▸ **Directions**: Go through the data below line by line. Give only the number of lines that contain "Black".

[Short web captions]
━━━━━━━━━━━━━━━━━━━━

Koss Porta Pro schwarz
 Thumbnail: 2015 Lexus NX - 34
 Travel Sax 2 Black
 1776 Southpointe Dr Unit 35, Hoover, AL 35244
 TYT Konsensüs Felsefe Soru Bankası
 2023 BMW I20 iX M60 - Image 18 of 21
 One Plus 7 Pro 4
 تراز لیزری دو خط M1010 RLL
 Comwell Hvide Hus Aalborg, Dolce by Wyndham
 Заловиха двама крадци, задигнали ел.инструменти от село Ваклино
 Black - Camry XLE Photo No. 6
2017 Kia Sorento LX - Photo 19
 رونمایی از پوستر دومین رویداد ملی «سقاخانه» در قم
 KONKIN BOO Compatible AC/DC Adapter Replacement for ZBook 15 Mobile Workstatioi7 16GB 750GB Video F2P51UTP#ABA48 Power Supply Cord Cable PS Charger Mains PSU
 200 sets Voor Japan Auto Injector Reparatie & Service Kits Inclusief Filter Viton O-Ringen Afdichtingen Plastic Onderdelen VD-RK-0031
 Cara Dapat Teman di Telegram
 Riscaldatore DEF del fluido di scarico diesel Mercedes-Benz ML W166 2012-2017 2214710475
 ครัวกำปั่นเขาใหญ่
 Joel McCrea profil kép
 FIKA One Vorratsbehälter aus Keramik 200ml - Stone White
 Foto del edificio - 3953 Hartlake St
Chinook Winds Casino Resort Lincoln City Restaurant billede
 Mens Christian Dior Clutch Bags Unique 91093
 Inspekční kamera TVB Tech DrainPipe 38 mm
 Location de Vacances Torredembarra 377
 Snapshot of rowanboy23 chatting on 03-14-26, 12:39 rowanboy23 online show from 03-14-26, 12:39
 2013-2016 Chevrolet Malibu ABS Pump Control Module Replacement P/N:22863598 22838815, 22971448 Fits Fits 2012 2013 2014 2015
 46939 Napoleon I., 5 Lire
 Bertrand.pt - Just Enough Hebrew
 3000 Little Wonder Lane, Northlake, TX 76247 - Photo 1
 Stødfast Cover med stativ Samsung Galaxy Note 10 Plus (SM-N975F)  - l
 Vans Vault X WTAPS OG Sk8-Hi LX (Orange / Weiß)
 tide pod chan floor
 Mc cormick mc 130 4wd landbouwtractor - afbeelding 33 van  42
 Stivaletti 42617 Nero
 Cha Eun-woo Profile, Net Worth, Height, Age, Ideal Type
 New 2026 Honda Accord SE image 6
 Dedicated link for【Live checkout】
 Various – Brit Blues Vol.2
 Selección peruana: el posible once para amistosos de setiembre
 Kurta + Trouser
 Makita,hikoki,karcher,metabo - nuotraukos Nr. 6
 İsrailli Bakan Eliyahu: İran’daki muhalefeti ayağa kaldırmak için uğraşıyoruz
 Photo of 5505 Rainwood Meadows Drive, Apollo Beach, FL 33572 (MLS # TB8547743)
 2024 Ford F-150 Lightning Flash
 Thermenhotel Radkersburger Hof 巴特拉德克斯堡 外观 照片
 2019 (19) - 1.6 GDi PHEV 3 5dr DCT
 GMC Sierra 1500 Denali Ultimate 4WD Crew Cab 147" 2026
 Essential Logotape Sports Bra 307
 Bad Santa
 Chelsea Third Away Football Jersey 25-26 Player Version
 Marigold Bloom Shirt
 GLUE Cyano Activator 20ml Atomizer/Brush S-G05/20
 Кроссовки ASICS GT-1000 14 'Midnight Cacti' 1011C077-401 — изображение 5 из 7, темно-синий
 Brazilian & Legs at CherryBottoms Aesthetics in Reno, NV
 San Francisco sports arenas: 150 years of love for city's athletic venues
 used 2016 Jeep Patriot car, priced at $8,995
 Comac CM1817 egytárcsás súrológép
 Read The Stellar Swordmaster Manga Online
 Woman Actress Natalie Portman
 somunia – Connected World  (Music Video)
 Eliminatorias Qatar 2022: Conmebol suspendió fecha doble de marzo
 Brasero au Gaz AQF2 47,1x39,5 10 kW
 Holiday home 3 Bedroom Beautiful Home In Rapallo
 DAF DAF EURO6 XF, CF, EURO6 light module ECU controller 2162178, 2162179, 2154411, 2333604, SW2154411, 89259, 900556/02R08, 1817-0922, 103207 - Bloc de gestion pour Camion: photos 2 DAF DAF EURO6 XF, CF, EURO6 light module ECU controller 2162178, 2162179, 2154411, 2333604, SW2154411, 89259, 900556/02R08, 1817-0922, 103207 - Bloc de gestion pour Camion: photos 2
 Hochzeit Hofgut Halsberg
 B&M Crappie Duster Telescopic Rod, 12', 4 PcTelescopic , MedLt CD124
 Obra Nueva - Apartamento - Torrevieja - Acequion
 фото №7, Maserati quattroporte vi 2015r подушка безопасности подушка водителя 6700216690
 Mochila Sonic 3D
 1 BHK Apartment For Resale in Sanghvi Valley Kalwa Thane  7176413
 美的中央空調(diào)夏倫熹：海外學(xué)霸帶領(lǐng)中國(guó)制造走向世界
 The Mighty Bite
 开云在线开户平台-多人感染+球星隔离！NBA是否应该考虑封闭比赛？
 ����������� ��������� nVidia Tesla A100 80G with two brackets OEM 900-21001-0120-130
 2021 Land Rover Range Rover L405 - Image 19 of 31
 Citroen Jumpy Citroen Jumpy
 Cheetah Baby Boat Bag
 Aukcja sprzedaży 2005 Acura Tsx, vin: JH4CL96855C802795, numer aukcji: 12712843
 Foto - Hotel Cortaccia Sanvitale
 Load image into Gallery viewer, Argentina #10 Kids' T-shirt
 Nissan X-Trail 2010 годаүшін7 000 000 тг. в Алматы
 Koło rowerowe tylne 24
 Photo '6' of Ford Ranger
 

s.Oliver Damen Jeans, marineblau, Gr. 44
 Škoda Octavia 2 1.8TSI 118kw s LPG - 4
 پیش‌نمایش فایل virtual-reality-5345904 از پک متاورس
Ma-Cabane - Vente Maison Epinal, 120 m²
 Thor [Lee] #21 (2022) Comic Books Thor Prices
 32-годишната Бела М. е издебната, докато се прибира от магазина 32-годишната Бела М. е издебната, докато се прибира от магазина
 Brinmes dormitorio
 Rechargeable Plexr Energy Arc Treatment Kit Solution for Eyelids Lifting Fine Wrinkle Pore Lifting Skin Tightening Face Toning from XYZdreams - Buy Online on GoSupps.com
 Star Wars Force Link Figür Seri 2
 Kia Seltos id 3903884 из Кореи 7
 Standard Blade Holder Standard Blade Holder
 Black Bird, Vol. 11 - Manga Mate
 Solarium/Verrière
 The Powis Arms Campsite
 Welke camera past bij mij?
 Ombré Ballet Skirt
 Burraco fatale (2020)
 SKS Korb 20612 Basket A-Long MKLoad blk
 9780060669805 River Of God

━━━━━━━━━━━━━━━━━━━━

▸ **Solution**: 3